Give back every line of the material below exactly, but no images.

= Data excerpt =
*** Begin section ***

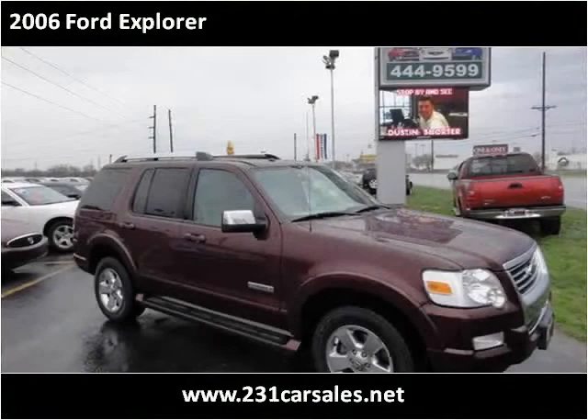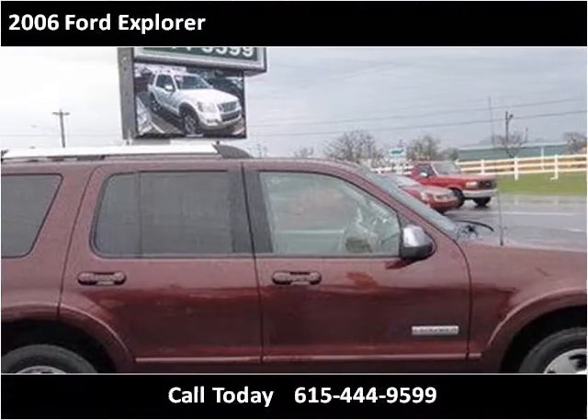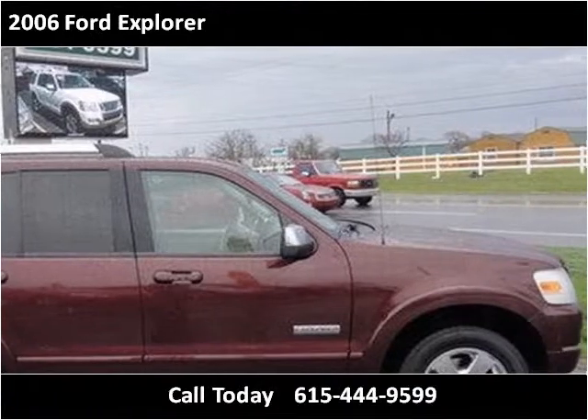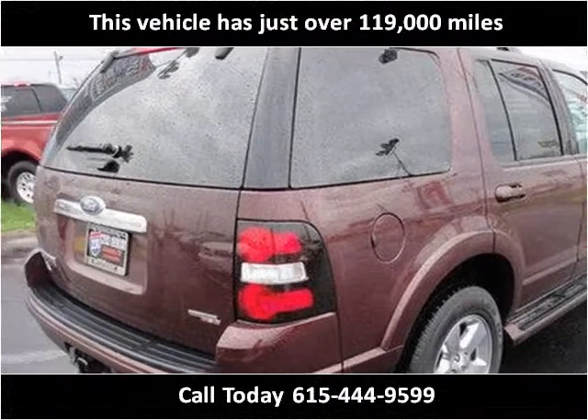This 2006 Ford Explorer is available from 231 Car Sales. This vehicle has just over 119,000 miles.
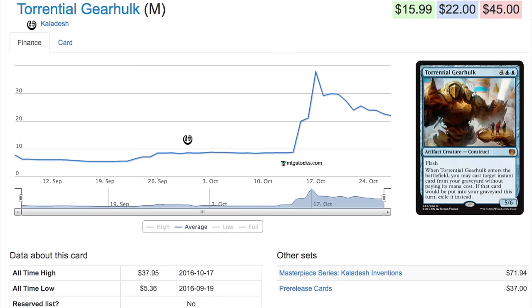Especially in the area I live, you can get these cards for even less. Like Torrential Gearhulk — I saw it in a card shop for $17, and that was not a bad price given that card shop normally sells at Star City Games prices. They get so much inventory because people are trading in these Kaladesh cards that have spiked, hence dropping the price.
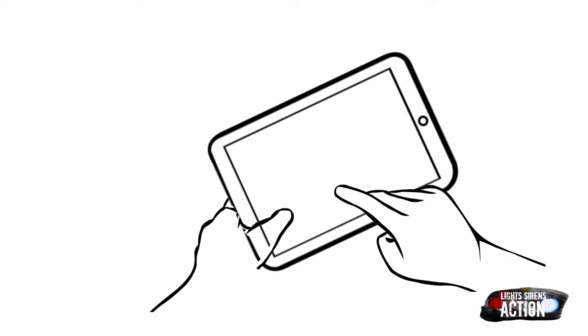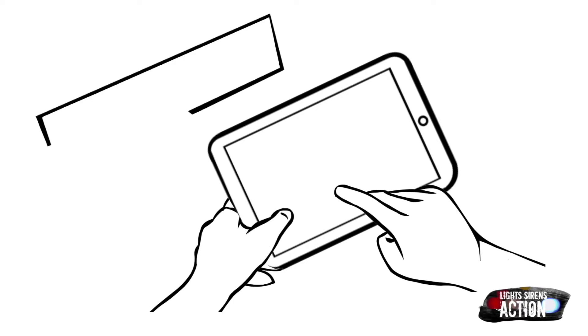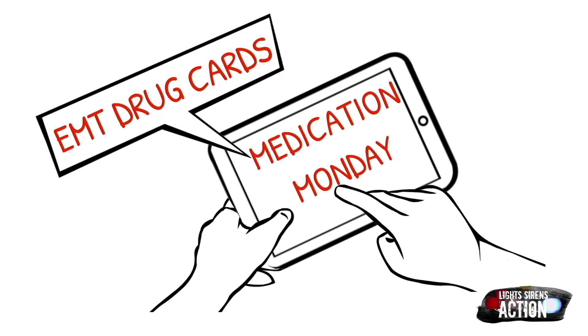Welcome to Medication Monday. This is where we go over a different EMT drug that we administer out in the field. We do it specifically in EMT drug card format. As always, follow your local protocol and scope of practice. Enjoy.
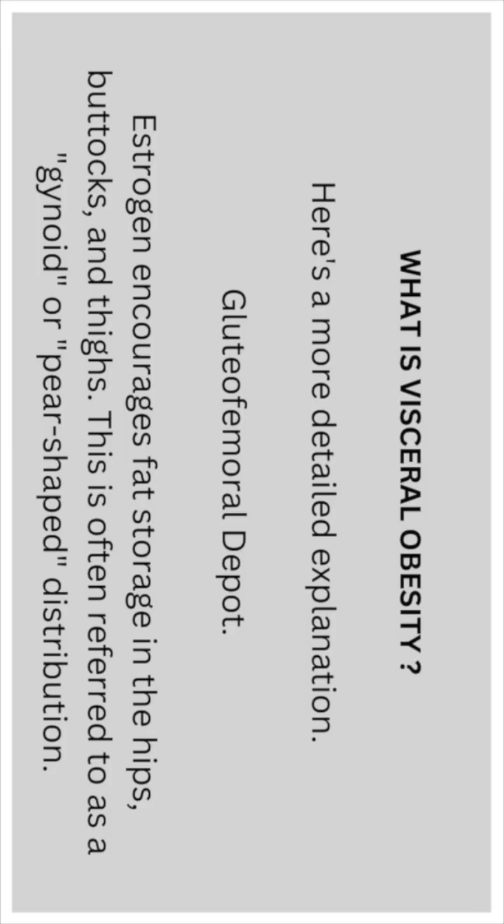Here's a more detailed explanation. The gluteal femoral region: estrogen encourages fat storage in the hips, buttocks, and thighs. This is often referred to as gynoid or pear-shaped distribution.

*** End section ***

= Solution below =
This 2006 Ford Explorer is available from 231 Car Sales. This vehicle has just over 119,000 miles.
Especially in the area I live, you can get these cards for even less. Like Torrential Gearhulk — I saw it in a card shop for $17, and that was not a bad price given that card shop normally sells at Star City Games prices. They get so much inventory because people are trading in these Kaladesh cards that have spiked, hence dropping the price.
Welcome to Medication Monday. This is where we go over a different EMT drug that we administer out in the field. We do it specifically in EMT drug card format. As always, follow your local protocol and scope of practice. Enjoy.
Here's a more detailed explanation. The gluteal femoral region: estrogen encourages fat storage in the hips, buttocks, and thighs. This is often referred to as gynoid or pear-shaped distribution.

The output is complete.